Given material |
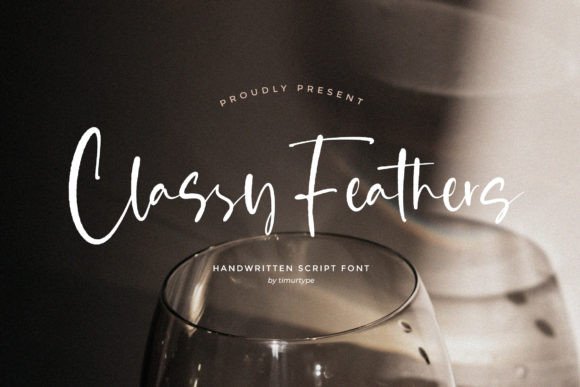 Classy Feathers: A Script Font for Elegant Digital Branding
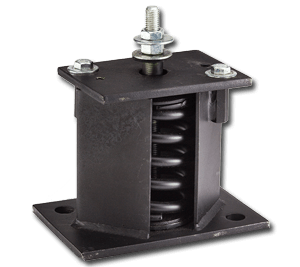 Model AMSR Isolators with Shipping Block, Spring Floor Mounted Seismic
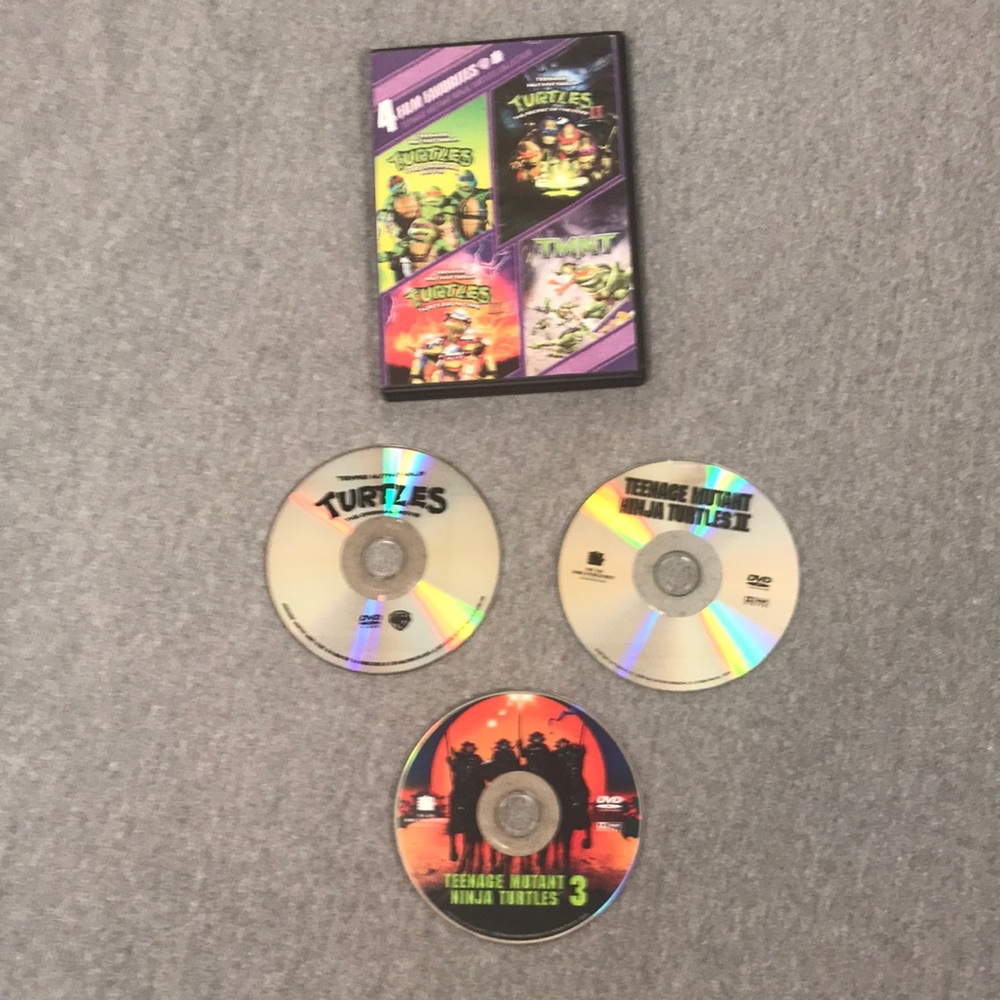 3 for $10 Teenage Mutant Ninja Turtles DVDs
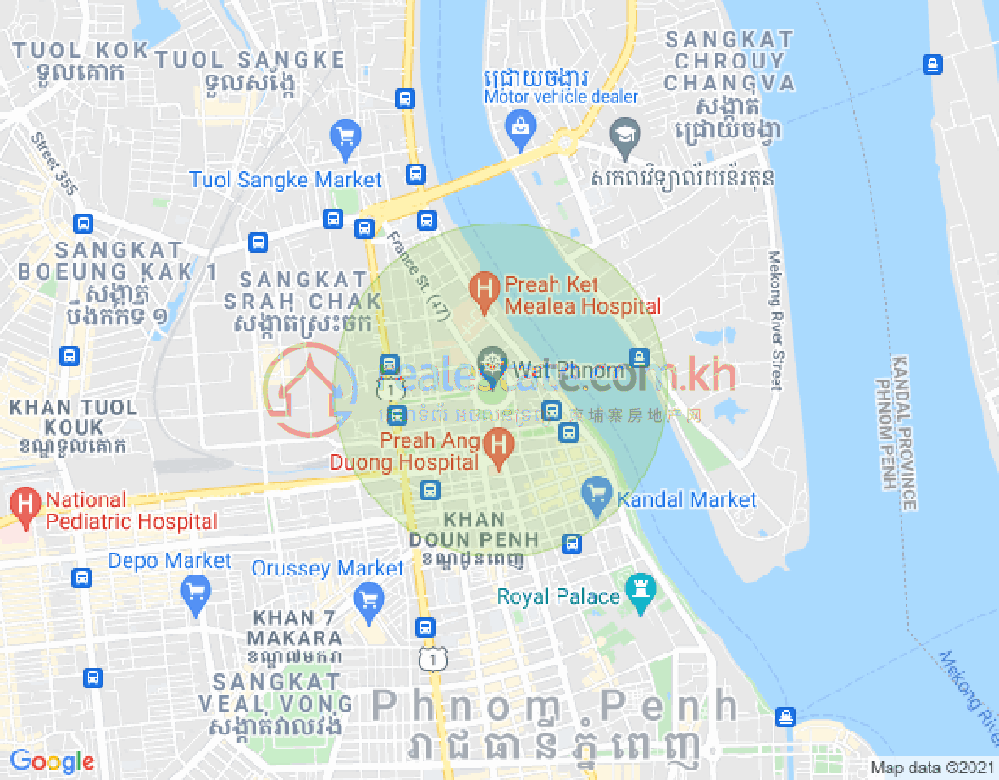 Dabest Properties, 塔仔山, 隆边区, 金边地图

Exercise instructions | In the data above, find the line containing "Model AMSR Isolators", then output it and every later line exactly, without the pictures.

Solution |
 Model AMSR Isolators with Shipping Block, Spring Floor Mounted Seismic
 3 for $10 Teenage Mutant Ninja Turtles DVDs
 Dabest Properties, 塔仔山, 隆边区, 金边地图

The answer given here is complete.